Thursday, April 29, 2010

April 29 Morning Pages -

Six months. It has been six months. A part of me is in shock, the other part of me is proud, the other part of me says, “I want to look him in the eye, smile at him and celebrate over ‘just lunch’” but perhaps that is the part of me that enjoys fire play.

I used to say, “Talk to me in six months” and I sort of meant it but at the time I couldn’t imagine it. Sometimes I wonder if I could have gotten through the six months if it hadn’t been for other, equally or even more satisfying distractions (who happens to have a job possibility in Kansas which I am encouraging, loud and strongly.)

I want to explore on-my-own-ness, well, as much as I can in my situation, with children depending upon me and sometimes it feels like the world depending upon me.

So – here I am, talking about endings.

When Railroad Man got angry because I took my children on an adventure I had been waiting to have for years (a cross country road trip) his anger turned into skirt chasing. By the time I got back, he was in a different relationship and unwilling to admit it to me. So, our six months has been longer than six months, but add about two months of me trying to figure out if he would ever come clean and not being willing or ready to let go. You know how that goes, sometimes.

When I finally let go, I let go. We have talked on occasion, like on Christmas when he randomly called. He is a man who has a hard time closing chapters and because of his unique gifts and talents, many women bring him back for limited engagements and encores. I told him when it was over, it would be different with me. I think I have held to that claim quite well.

Lately I have thought similarly in a different situation: that an ending is in order. It feels, sometimes, like a helluva lot of responsibility which I don’t want to take on, energetically anyway. I asked him a question the other night, “If you suddenly had 25 million dollars, how would our relationship change, what would you do?” The hopeless romantic in me was waiting for a specific response which didn’t come. This is rare for me to have ONE specific desired response. I have to say, he surprised me. But he probably had no clue I was waiting for one specific thing.

Beginnings, on the other hand, are a piece of cake for me to fall into. I begin and begin and begin. It is the ending I am so bad at. Actually, when I look over my last endings, I wasn’t so awful once the coffin lid came down. It was like, OVER. Mark it OVER. I saw these friends again, intermittently, but never sparked anything again although in times of loneliness, I wanted to. Loneliness is such a barrier.

There are times I think my forties have been about things I missed in my teens, only from a somewhat wiser perspective. I didn’t date much in my teens, at least not. (That is weird, it is like 750 words burped. THEY got distracted. I was writing along about angst and heartbreak and two sided angst and heartbreak when they told me my words had up and left me.

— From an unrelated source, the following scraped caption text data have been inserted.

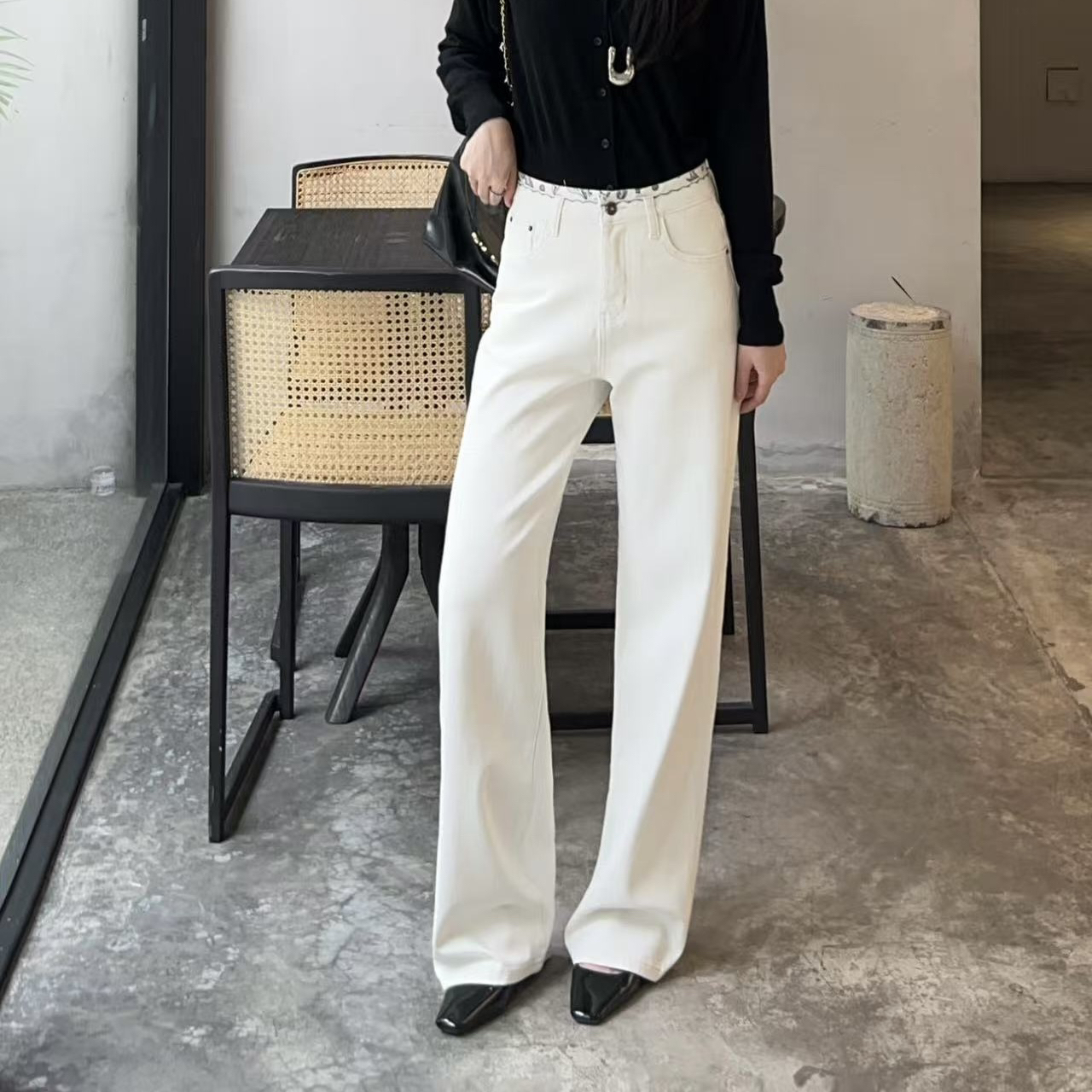 南油高腰秋款牛仔裤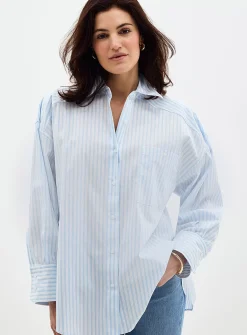 Eustyna blue stripes loose shirt
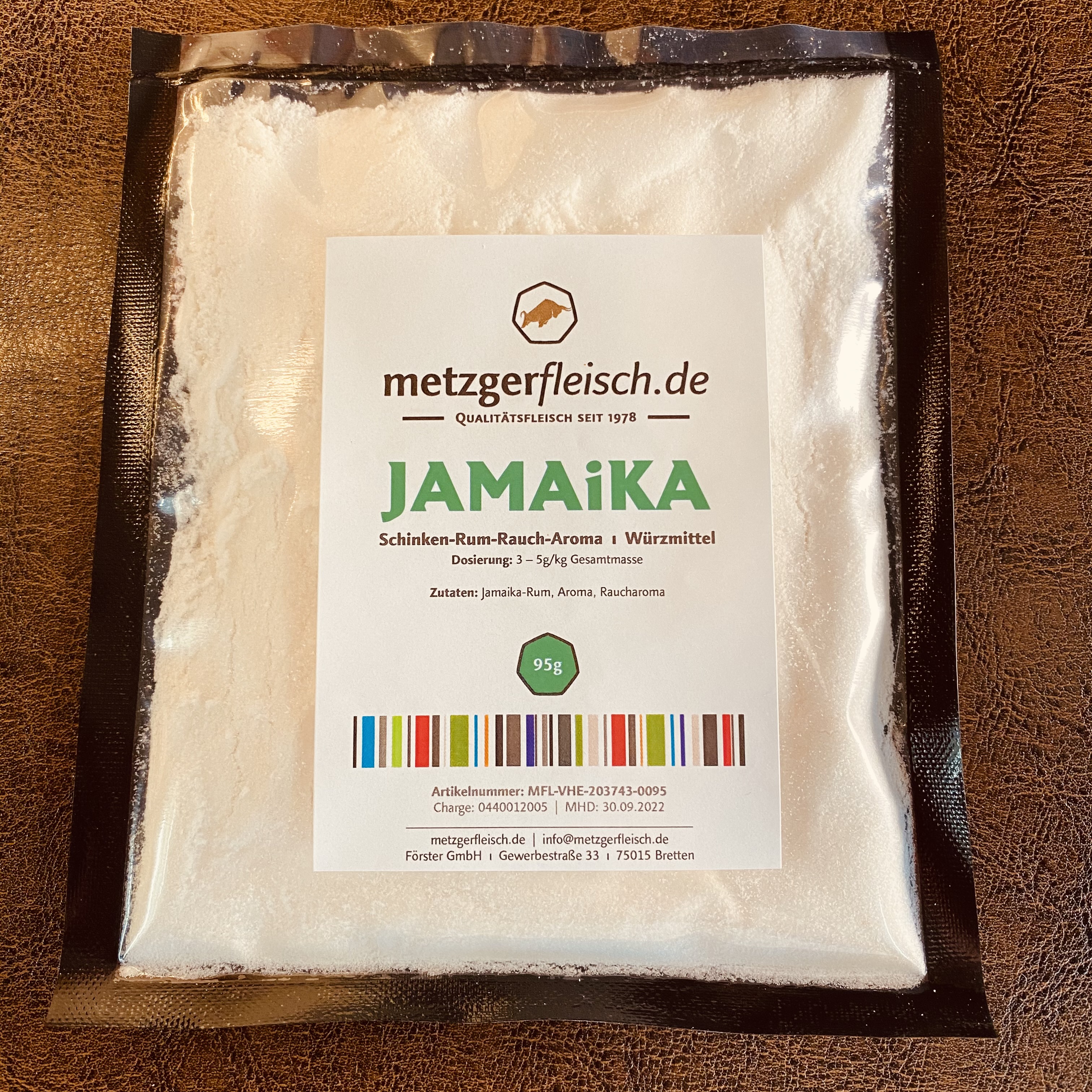 metzgerFLEISCH.de Jamaika, Schinken-Rum-Rauch-Würze für Rohwurst und Rohpökelwaren, 95g-Beutel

Giggle. What a perfect use of the space, eh?

Endings. Endings. Endings.

I am not great at quitting jobs, either. I am not great at saying “I can’t” or “I didn’t” or “Just won’t right now…” isn’t that intriguing? It is to me, anyway.

43things helps me with some of this.

Theater helps me with some of this.

Theater helps me with endings because there are always timelines for show and time chugs along whether or not I agree to it or want it or think it should be different, time chugs. And I love people intensely while shows are going on and then, poof, our regular relationships end – just like that.

Some people I never see again and sometimes, our relationships are so different.

People say I am overly dramatic when I talk about this, but it is very true, ultra true actually. Finishing shows has taught me more about grief than you might ever imagine. Endings. Beginnings.

Audition – read through begin. Final curtain call, strike. The End.